I understand that point, but conflicts between the constitutional authority of the branches seem like there should at least have a special mechanism to avoid handing them off to some district judge. Would also help with things like federal agencies overreaching with their regulations.
Settings good (or bad) judicial precedent has effects that span centuries. The lower courts allow the legal case on both sides to be refined, facts to be established, different interpretations of the law to best tested, etc. such that by the time it reaches the Supreme Court the justices can review a well developed legal and factual foundation.

As much as it might be frustrating when you have a EO drunk executive branch, there are sufficient checks against that power (from the other branches and electorally). If we had mechanisms that got things on the door step of the SC immediately then you’d have a bunch of people with lifetime authority with the ability to overrule the other branches at any time. The founders thought these things through believe it or not.
 
Settings good (or bad) judicial precedent has effects that span centuries. The lower courts allow the legal case on both sides to be refined, facts to be established, different interpretations of the law to best tested, etc. such that by the time it reaches the Supreme Court the justices can review a well developed legal and factual foundation.

As much as it might be frustrating when you have a EO drunk executive branch, there are sufficient checks against that power (from the other branches and electorally).
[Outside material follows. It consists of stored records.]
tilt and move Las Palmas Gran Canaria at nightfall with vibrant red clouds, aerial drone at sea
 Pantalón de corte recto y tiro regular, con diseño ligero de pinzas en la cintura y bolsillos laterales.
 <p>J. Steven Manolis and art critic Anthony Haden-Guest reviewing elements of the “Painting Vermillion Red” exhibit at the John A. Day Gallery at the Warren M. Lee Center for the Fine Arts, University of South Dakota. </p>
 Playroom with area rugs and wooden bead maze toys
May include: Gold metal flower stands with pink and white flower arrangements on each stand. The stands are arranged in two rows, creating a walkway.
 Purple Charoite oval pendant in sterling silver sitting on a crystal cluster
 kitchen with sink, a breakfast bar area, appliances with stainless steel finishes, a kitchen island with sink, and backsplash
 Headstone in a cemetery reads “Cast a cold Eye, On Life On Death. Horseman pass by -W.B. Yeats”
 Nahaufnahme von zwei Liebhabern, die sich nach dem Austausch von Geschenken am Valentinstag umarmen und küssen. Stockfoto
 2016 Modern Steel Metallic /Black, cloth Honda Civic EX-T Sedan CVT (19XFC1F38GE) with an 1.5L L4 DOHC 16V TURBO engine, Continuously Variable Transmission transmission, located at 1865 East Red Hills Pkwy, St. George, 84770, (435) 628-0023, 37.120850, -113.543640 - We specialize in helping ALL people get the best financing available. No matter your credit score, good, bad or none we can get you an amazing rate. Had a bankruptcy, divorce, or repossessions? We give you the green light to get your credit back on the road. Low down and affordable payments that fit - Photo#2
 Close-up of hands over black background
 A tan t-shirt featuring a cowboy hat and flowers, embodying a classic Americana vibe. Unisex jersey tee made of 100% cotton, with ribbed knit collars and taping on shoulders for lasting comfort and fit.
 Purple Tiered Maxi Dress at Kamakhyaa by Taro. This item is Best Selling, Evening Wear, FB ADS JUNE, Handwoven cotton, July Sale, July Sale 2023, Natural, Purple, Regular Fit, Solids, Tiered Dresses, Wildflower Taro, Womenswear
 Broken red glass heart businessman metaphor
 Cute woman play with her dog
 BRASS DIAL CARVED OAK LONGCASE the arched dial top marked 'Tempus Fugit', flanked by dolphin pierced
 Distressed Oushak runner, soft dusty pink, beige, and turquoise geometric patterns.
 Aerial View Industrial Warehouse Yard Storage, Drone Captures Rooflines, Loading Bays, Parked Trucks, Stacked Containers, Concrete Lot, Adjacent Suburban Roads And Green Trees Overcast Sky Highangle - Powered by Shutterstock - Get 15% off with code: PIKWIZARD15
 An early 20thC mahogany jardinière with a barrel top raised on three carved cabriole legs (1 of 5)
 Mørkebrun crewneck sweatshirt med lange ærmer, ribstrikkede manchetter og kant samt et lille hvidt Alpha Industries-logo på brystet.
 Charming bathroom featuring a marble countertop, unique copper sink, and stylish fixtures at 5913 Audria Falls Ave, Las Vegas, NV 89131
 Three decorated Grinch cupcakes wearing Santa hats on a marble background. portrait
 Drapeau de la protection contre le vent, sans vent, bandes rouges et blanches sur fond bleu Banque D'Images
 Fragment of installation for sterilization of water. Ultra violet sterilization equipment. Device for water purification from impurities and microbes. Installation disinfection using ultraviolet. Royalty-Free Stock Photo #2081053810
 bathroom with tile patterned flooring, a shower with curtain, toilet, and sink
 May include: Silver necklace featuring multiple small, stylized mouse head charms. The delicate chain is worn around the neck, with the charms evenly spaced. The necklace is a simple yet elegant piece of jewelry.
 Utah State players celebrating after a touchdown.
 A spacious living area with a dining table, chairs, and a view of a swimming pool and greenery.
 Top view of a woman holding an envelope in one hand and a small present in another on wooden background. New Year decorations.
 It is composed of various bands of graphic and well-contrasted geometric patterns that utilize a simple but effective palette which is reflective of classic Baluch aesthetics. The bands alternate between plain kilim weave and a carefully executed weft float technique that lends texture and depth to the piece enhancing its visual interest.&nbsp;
If we had mechanisms that got things on the door step of the SC immediately then you’d have a bunch of people with lifetime authority with the ability to overrule the other branches at any time. The founders thought these things through believe it or not.
Yeah, you’re right. I made the mistake of forgetting this is ultimately still Mike Johnson’s fault.
 
Of course they're doing this lawsuit in a blue area where the jury has already decided the outcome before the case has even started.

"The class-action suit was filed by Twitter investors who allege that Musk violated federal securities laws during his protracted, public indecision about purchasing the company in 2022."

"Plaintiffs claim Musk’s actions were a scheme to drive down the share price before he ultimately completed the $44 billion acquisition in October 2022, causing them financial harm."

The problem is that everybody on planet earth knows that Elon overpaid buying Twitter.

I don't like Elon's chances.



California is 60/40 split. If they cant find 12 people who dont want to strangle him with his entrails in that demographic then maybe thats his own fault. "I am such a giant douchebag that everyone hates me so I cant get a fair trial" doesnt work. I suggest he does what Alex Jones did and just violate so many orders that he gets summary judgement against him. Then go cry to the fake news media about how it was all rigged against him.
 
Delegitimization of the legal system by weaponizing it against the 50% of the country that owns 90% of the guns is certainly a bold strategy.

I dont know whats worse. That you think the legal system was ever legitimate or that you think it was weaponized against Republicans.